Exercise objective
Repeat verbatim, and only, the lines of the data below, beginning at the line that contains "The Easiest Knit" and stopping after the line that contains "Con Dao Backpacker".

Data for processing
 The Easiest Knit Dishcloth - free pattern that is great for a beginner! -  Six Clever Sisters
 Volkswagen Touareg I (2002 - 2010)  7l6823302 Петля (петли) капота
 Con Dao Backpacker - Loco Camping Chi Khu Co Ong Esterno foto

==

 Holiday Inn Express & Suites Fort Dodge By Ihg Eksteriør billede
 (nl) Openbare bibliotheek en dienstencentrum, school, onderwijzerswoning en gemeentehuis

--

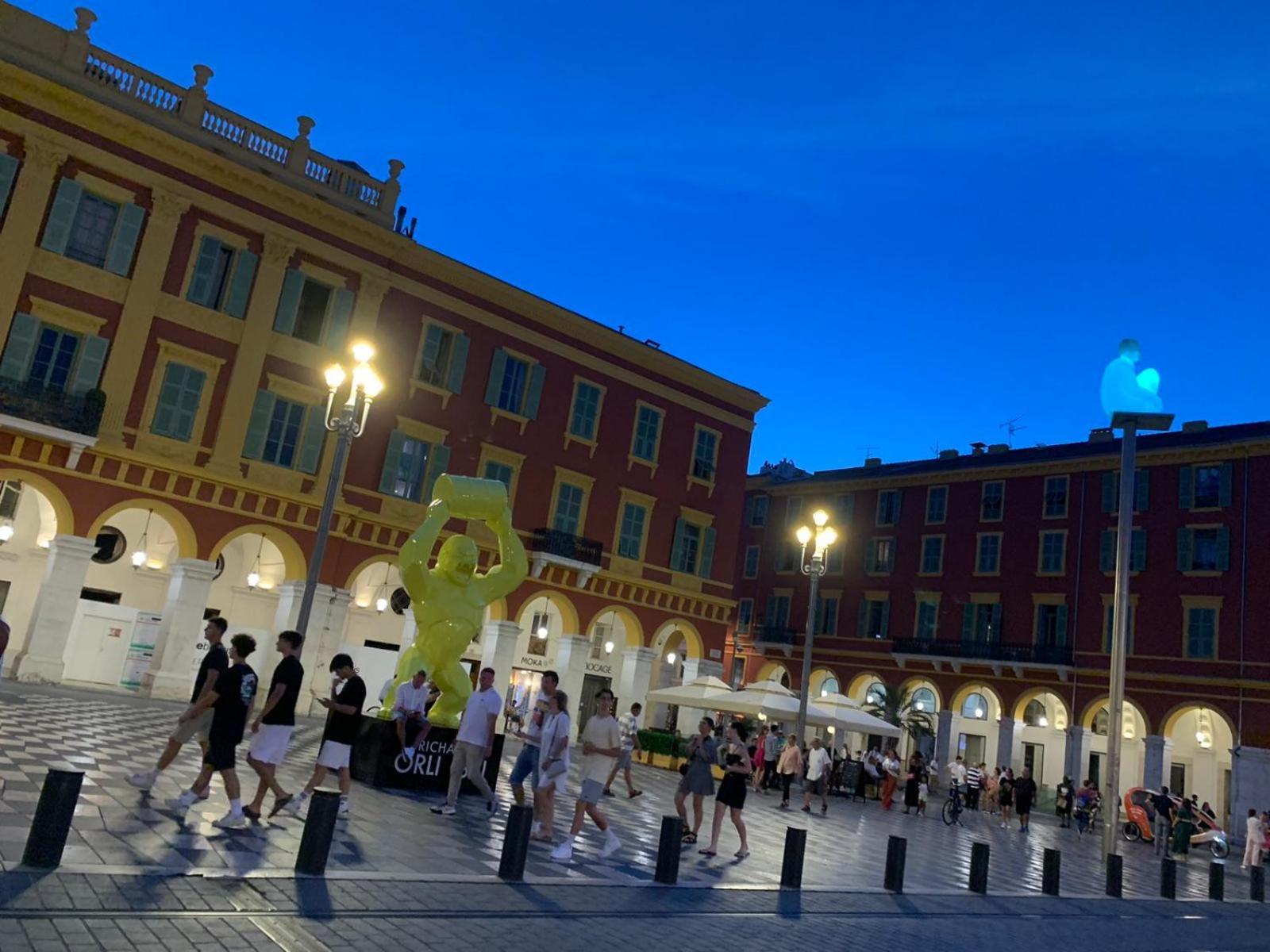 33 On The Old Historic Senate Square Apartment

Answer to this problem
 The Easiest Knit Dishcloth - free pattern that is great for a beginner! -  Six Clever Sisters
 Volkswagen Touareg I (2002 - 2010)  7l6823302 Петля (петли) капота
 Con Dao Backpacker - Loco Camping Chi Khu Co Ong Esterno foto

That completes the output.